Let $\Lambda$ be a cocommutative Hopf algebra over a commutative ring $R$. For two left $\Lambda$-modules $M$ and $N$, interpret $\mathrm{Ext}_{\Lambda}^n(M,N)$ as the set of equivalence classes of extensions of $M$ by $N$, which are exact sequences of left $\Lambda$-modules
$$0\to N\to A_{n-1}\to\ldots\to A_0\to M\to 0$$
with $n$ intermediate terms. On page $58$ of Benson's "Representations and Cohomology," Volume 1, there is a reference to a natural map
$$\mathrm{Ext}^n_{\Lambda}(R,R)\xrightarrow{\otimes_RM}\mathrm{Ext}_{\Lambda}^n(M,M)$$
given by "tensoring exact sequences with $M$." However, it is not clear to me that $-\otimes_RM$ is an exact functor, so if
$$0\to R\to A_{n-1}\to\ldots\to A_0\to R\to 0$$
is exact, why does it follow that
$$0\to M\to A_{n-1}\otimes_RM\to\ldots\to A_0\otimes_RM\to M\to 0$$
is also exact? Also, if I view $\mathrm{Ext}^n_{\Lambda}(R,R)$ as the set of equivalence classes of maps $\zeta:P_n\to R$ where $P^{\bullet}$ is a projective resolution of $R$, then how do I construct the image of the element represented by $\zeta$ under this natural map? (in terms of a map $Q_n\to M$ where $Q^{\bullet}$ is a projective resolution of $M$)

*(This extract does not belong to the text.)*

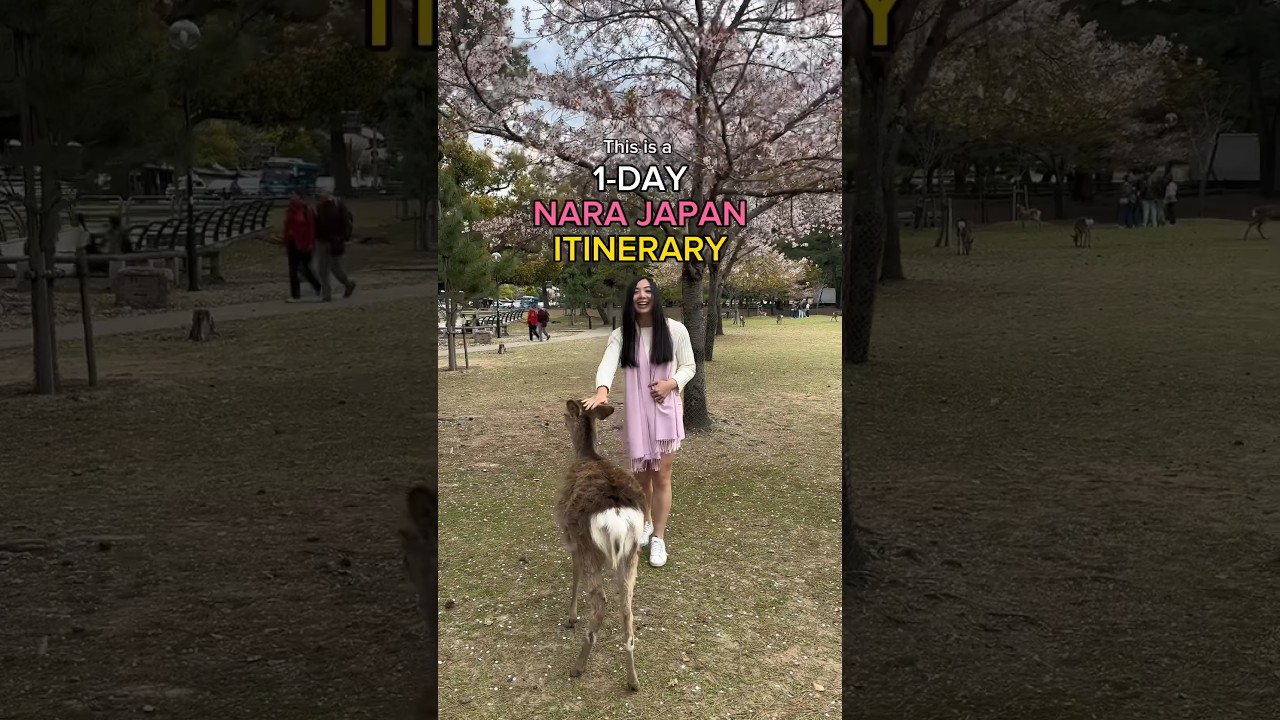 NARA Japan Itinerary Guide 🦌🌸🍂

With regard to your first question: in that section, the assumption given at the start (that $M$ is a projective $R$-module) is in force throughout. This makes $ -\otimes_R M$ exact, since projective modules are flat. Otherwise you are right that there is no reason to think the sequence will remain exact after tensoring with $M$.
For your second question, the image of $\xi$ is the map $\xi\otimes \operatorname{id}_M : P_n \otimes M \to R \otimes M = M$. This makes sense because $P_* \otimes M$ is a projective resolution of $R\otimes M=M$, since (by 3.1.5 in your book) $P\otimes M$ is projective whenever $P$ is, and as above tensoring over $R$ with $M$ preserves exactness. If you have a fixed projective resolution $Q_*$ of $M$ you must compute a chain map $H_*: Q_* \to P_*\otimes M$ lifting the identity map $M \to M$ (see 2.4.2), and then the image of $\xi$ will be represented by $(\xi \otimes \operatorname{id}) \circ n : Q_n \to M$.